We're running two small convection roasters that toast beans evenly on a bed of hot air. We refurbished the machines ourselves and innovated some muscle modifications to keep the roasts true and even. Each machine holds just 40 pounds at a time, and every batch is tended by a human being with a passion for coffee. Our small team of artisans (also called 'roasters,' as luck would have it) takes every cue from a seasoned craftsman in the specialty coffee realm, John Gant.

Roaster

Master Roaster

Roasting arts and sciences are not inherently glamorous. The bags are heavy, the work is repetitious and loud, and the room gets real hot and smoky. Nonetheless, some are seduced and find their way into it for good. Master Roaster John Gant started roasting around the same time as people started differentiating beans based on quality. He has roasted more than a million pounds in a career that took him from California to Alaska, Texas to India, and Mexico to Ithaca. John (far left), with CEO Kevin Cuddeback, roasts one bean at a time for our very best customers.

Cupping

Cupping Room

There's a strict protocol for how to slurp, and odd language for describing coffee, but there are no pretenses in the cupping room. This is where we try to discover — with no help but our own senses — which beans will make people really happy. Is this Ethiopian sample best suited for brewed coffee? Or will it end up in an espresso blend? Should we make this Nicaraguan bean a medium roast or dark? Sampling coffee, “cupping,” is akin to tasting wine. You take years of experience to develop your palate, and you still learn something new every day. See our coffee list for the results.

Krums Corners

Green(s) Space and Country Air

We first started roasting in the back of our State Street espresso bar. We were cozy enough in those days, crammed in with cafe patrons and coworkers. Eventually we schlepped our roasting gear up the road to Krums Corners, a modest parcel of farmland with a few old buildings. We gutted the main structure and renovated it green, incorporating radiant floor heat, soy-based insulation, and free energy from passive solar gain.
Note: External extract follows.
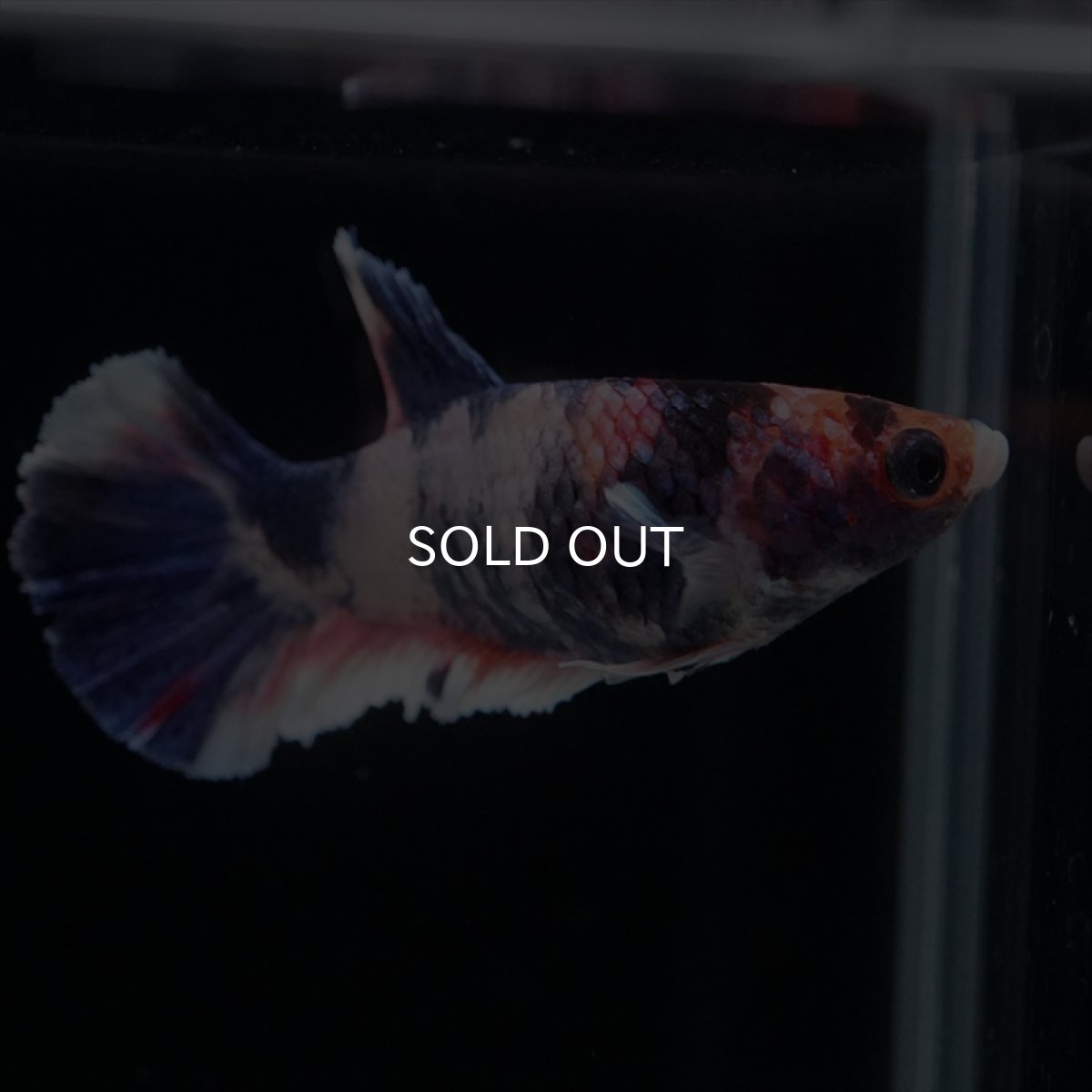 画像4: HMPK　ファンシー　メス (4)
The move to Krums created space for roasting and cupping, as well as storage of coffee greens and local organic milk.

Shipping

Shipping Center

Fresh-roasted beans travel about 10 feet from the roasting room to the packaging area, where your one- and five-pound bags are packed, sealed, and labeled by hand. The small gang in our shipping department fulfills web and phone orders daily by personally handing boxes to the UPS driver. The whole process is certified organic, meaning that organic beans are handled separately from the rest, maintaining the integrity of the chain from grower to consumer.

Machine Shop

Espresso Machine Shop

Old espresso machines never die, they just go to Krums. That's Krums Corners, where Master Technician Tomas Reyer plays Florence Nightingale to weary and wounded cafe appliances. Thousands of espresso shots under boiling steam pressure force even the sturdiest machines to revolt once in a while. Then customers freak out, so baristas freak out, which agitates managers, and so on down the line until Tomas swoops in with a healthy dose of anti-establishment cynicism to distract the crowd while he installs a replacement machine and steals the broken one for some R&R on the farm.